"W poprzednim życiu mieszkałem w Paryżu i byłem malarzem". Marek Suski jakiego nie znacie
Niewiele osób wie, ale Marek Suski był kiedyś ślusarzem i pracował w zakładzie rzemieślniczym. Mało tego, sam nauczył się malarstwa, a w wolnych chwilach tworzy w pokoju freski. Uwielbia karykatury, akwarele i teatr. Kiedyś przygotował rekwizyt na przedstawienie. - To była głowa, z której wylewała się krew. Zastosowałem tam specjalna pompkę - zdradził polityk w rozmowie z TV Republika.
Marek Suski to jeden z najbardziej zaufanych współpracowników Jarosława Kaczyńskiego. Jest bardzo barwną postacią polskiej sceny politycznej. Wielokrotnie zaskakiwał, sypał bon motami, zadawał kuriozalne pytania i odpowiadał z uśmiechem na ustach.

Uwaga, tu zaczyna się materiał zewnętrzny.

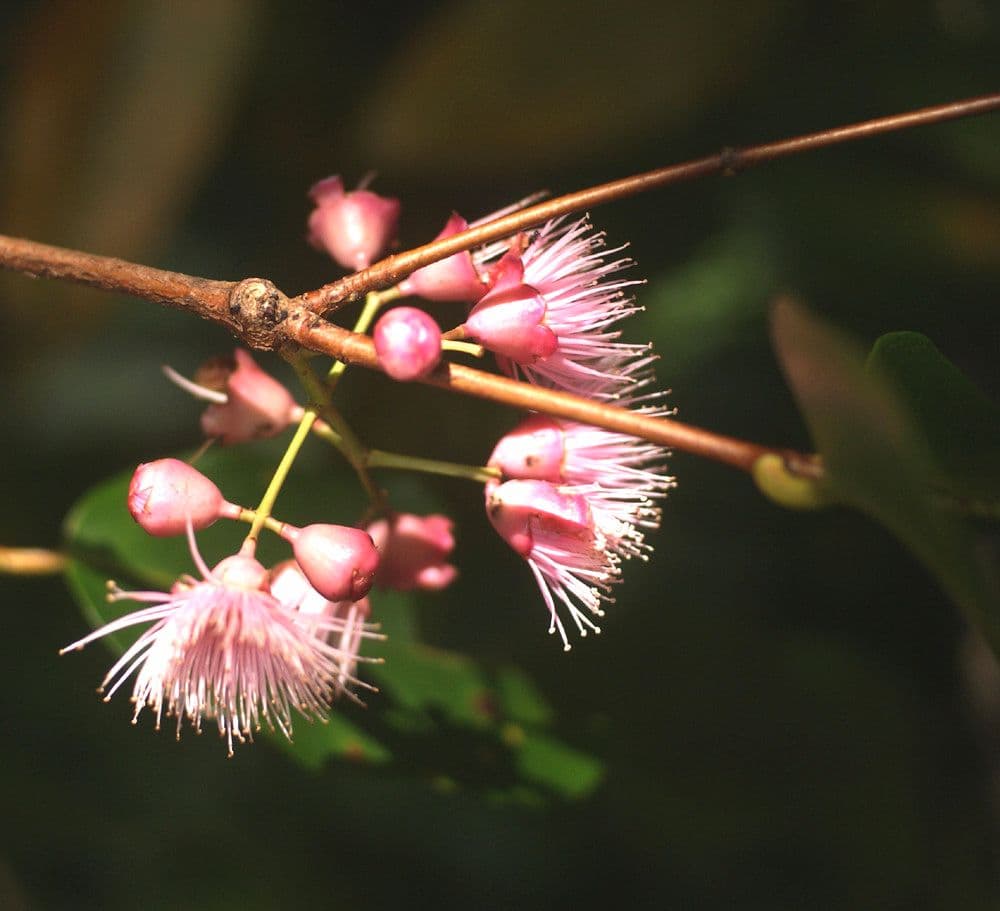 Syzygium 7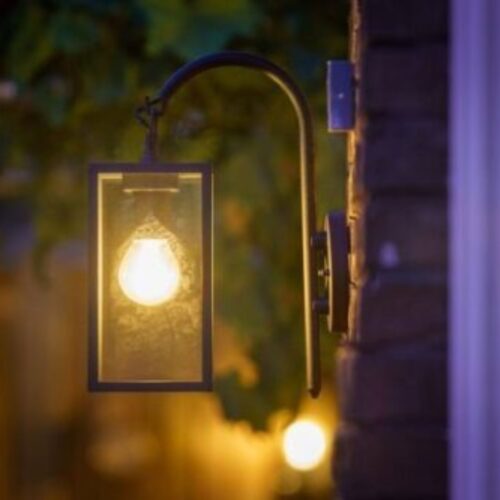 Columba Kinkiet - obrazek 2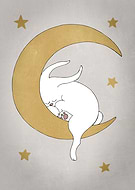 collection-preview-2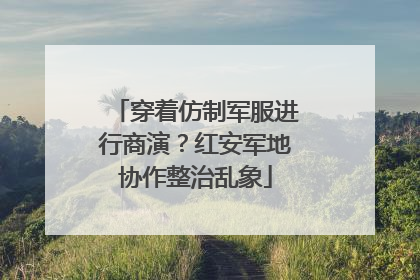 穿着仿制军服进行商演？红安军地协作整治乱象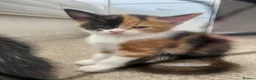 Mixed Breed cats for sale: kittens  - Advert 6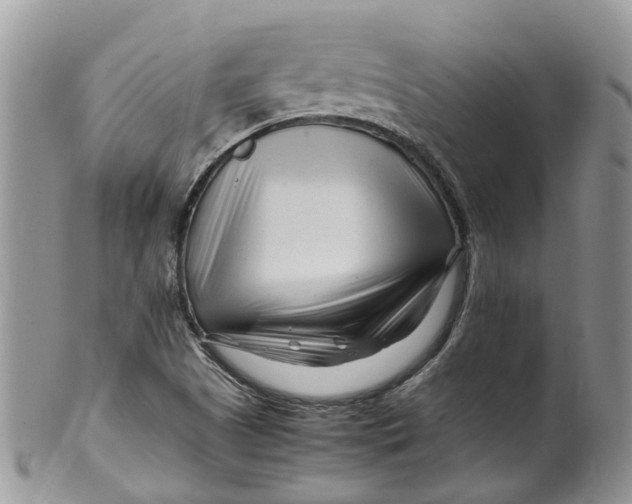 X0000099511505200806051134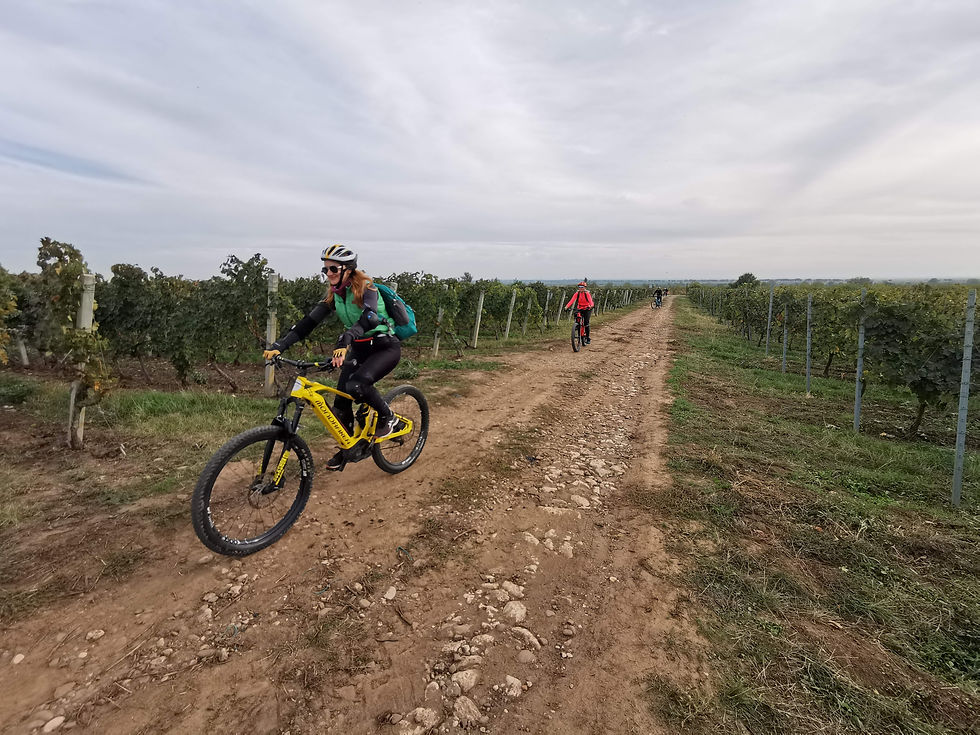 Miniatură: Cramele din Dealu Mare 05 aprilie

Okazuje się, że ten spokój zawdzięcza malarstwu.
W rozmowie z TV Republika zdradził, że malowaniem obrazów zafascynował się w bardzo młodym wieku. Ale nie było łatwo, bo musiał nauczyć się tego sam.
- Komuniście pozbawili nas wszystkiego, dlatego sam to tego doszedłem. Chodziłem na zajęcia do ogniska plastycznego przy zakładzie pracy mojej mamy. Czytałem książki o malarstwie i historii sztuki. Mój stryj był konserwatorem zabytków, a jedna z moich prababek była malarką. Malować nauczyłem się sam, tylko rodzice nie byli zadowoleni - zdradził polityk PiS.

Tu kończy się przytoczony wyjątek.